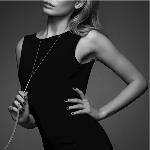 Ланцюжок-батіг на шию Bijoux Indiscrets MAGNIFIQUE Necklace Whip - Gold, прикраса для тіла - мініатюра 4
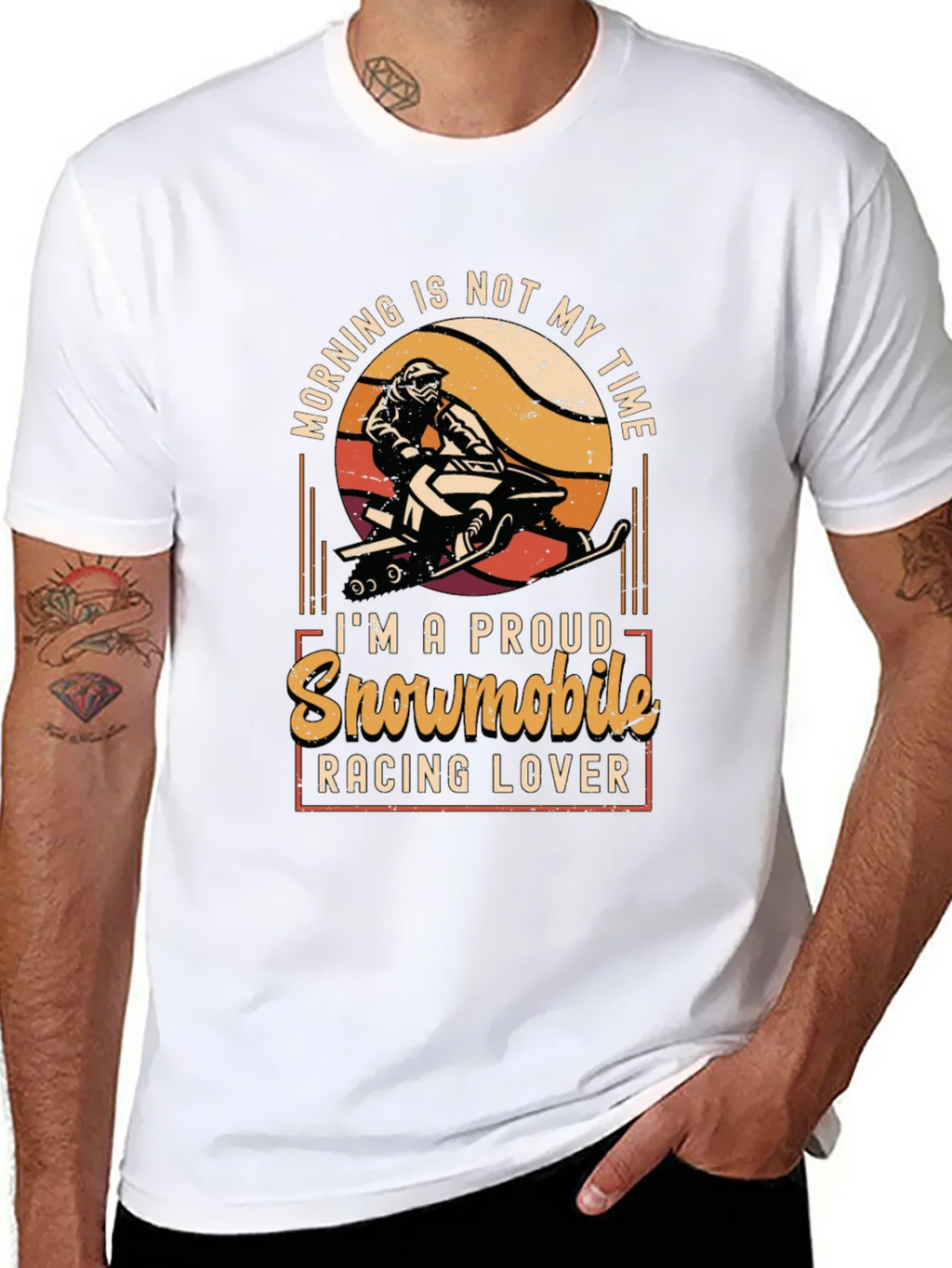 Snowmobile Racing Lover Graphic Tee product image 7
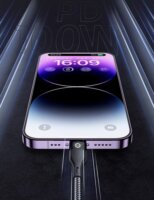 Conceptronic ETTA01B20 USB-C apa - USB-C apa Adat és Töltőkábel 100W 2m - Fekete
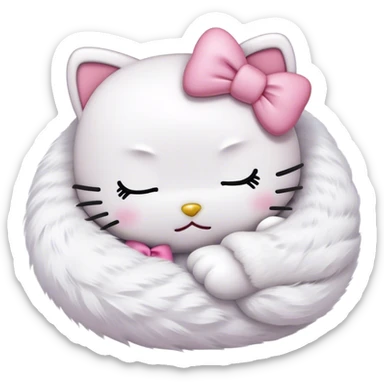 Hello kitty sleep sticker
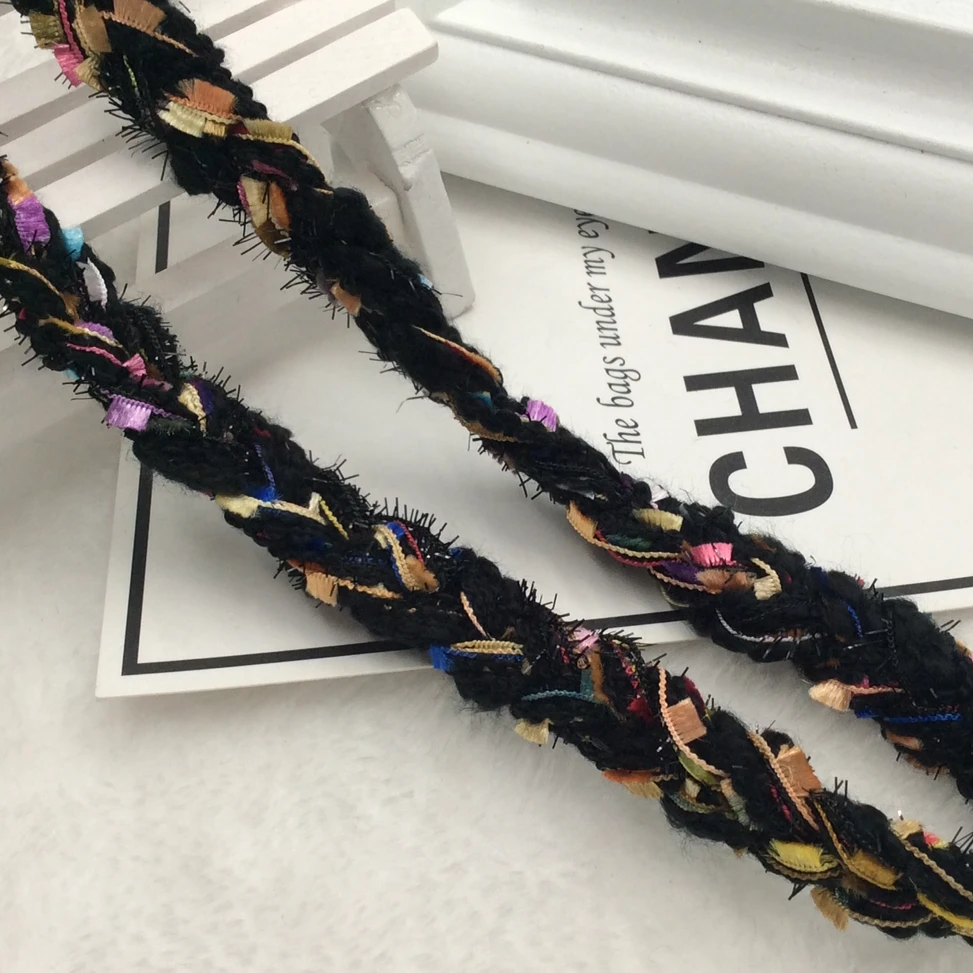 5Meters/lot handmade tassel tapes wool twist lace trim ribbon headband hat scarf fringe accessories width 1.5cm DN442 | Дом и сад
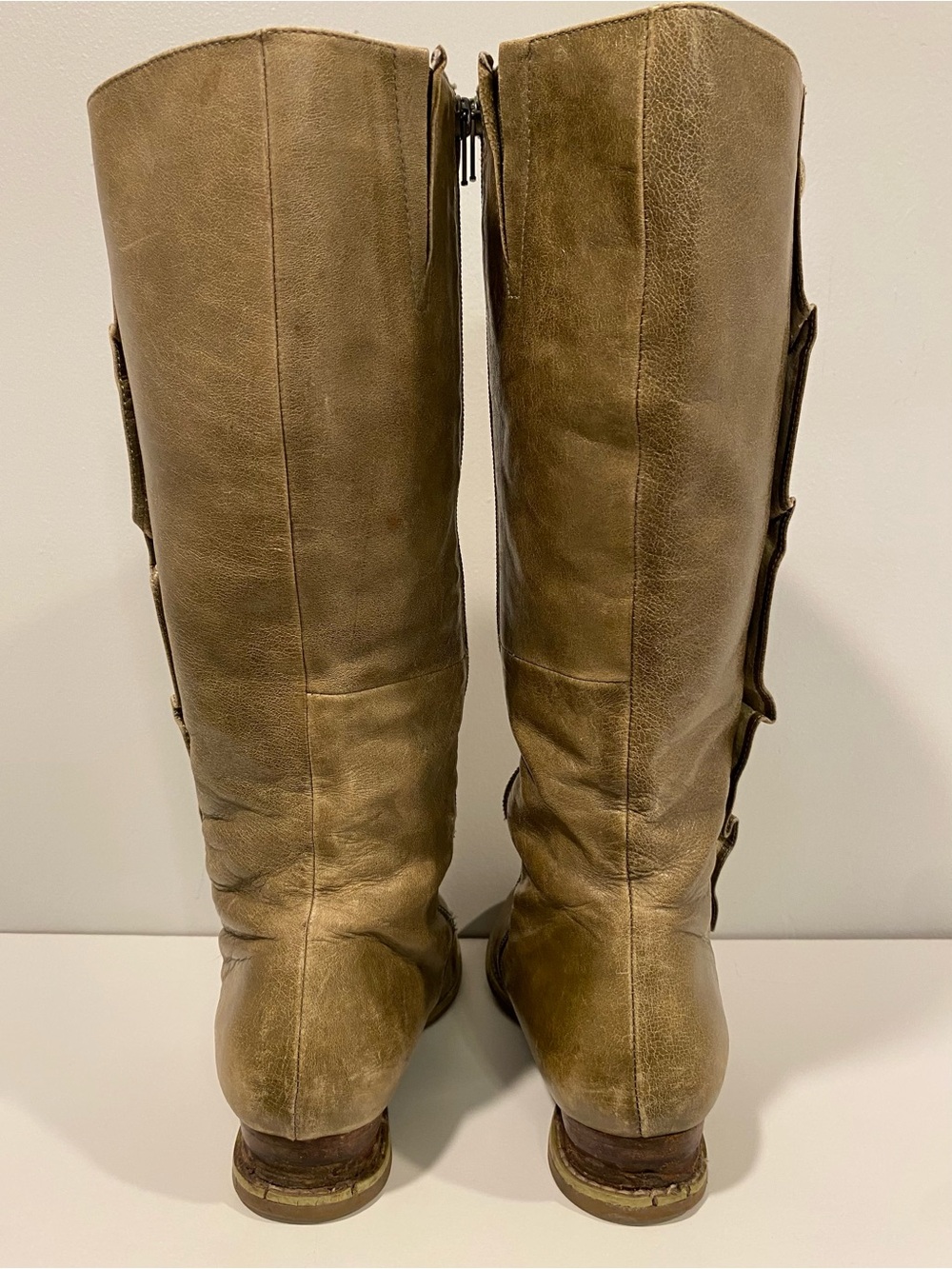 Rare Olive Miz Mooz “Bloom” Tall Leather Button Boots - Picture 6 of 15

**Instructions for the task**
From the line containing "Snowmobile Racing Lover" to the last line of the entries, copy every line exactly, including both ends, and leave out the pictures.

**Answer**
 Snowmobile Racing Lover Graphic Tee product image 7
 Conceptronic ETTA01B20 USB-C apa - USB-C apa Adat és Töltőkábel 100W 2m - Fekete
 Hello kitty sleep sticker
 5Meters/lot handmade tassel tapes wool twist lace trim ribbon headband hat scarf fringe accessories width 1.5cm DN442 | Дом и сад
 Rare Olive Miz Mooz “Bloom” Tall Leather Button Boots - Picture 6 of 15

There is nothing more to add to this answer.